ThinkMarkets analisti Fawad Razaqzada da Flynn ile aynı fikirde.
“Merkez bankası, 4 Mayıs toplantısı öncesinde sessizlik dönemine girerken önümüzdeki birkaç hafta içinde Fed yetkililerinden fazla bir şey duymayacağız.

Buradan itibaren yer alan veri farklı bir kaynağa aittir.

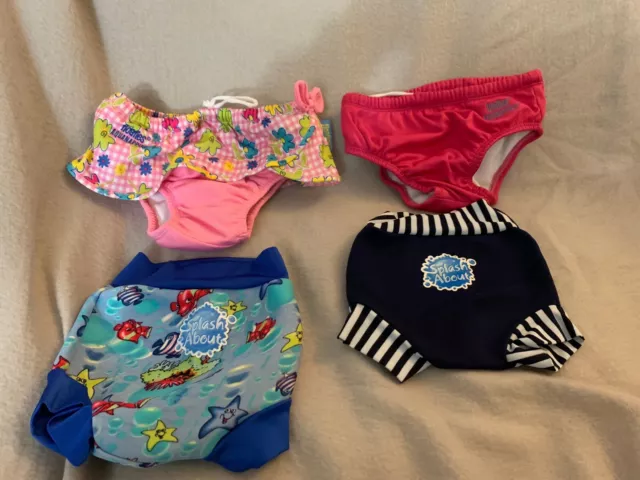 Bundle of 4 swim nappies Splash about and Floaties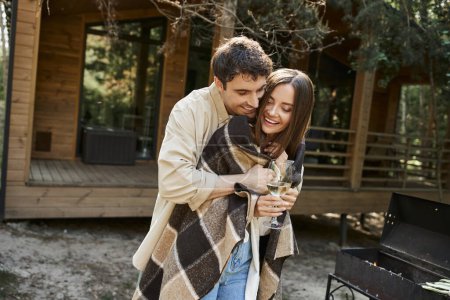 Cheerful man hugging girlfriend in blanket with wine near grill and vacation house at background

Ancak zarar verildi bile ve mesaj çok netti: ABD Federal Fon Oranı, bu toplantıda büyük olasılıkla 50 baz puan yükselecek.”
Altın: Teknik Analiz
Dixit, 1.930 dolar altındaki kararlı bir hareketin, altını %61,8 Fibonacci seviyesinde 1.900 ve nihayetinde 1.888 dolara itebileceğini söyledi.
Spot altına referans veren Dixit, “Haftalık 51/58 stokastik okuma ve 56 puanlık RSI düşüş yönüne işaret ediyor.” dedi.
Öte yandan Dixit’e göre fiyatlar %50 Fibonacci seviyesinde 1.930 doların üstünde istikrarlı bir artış elde edebilirse artış yönlü ilk hedef %38,2 Fibonacci seviyesinde 1.960 dolar olacaktır.
“Altın 1.960 dolar üzerinde yeterli alım çekebilirse %23,6’lık Fibonacci seviyesinde 2.001 doları tekrar test edebilir.”
Feragatname: Barani Krishnan yazdığı emtia veya menkul kıymetlerde pozisyon sahibi değildir.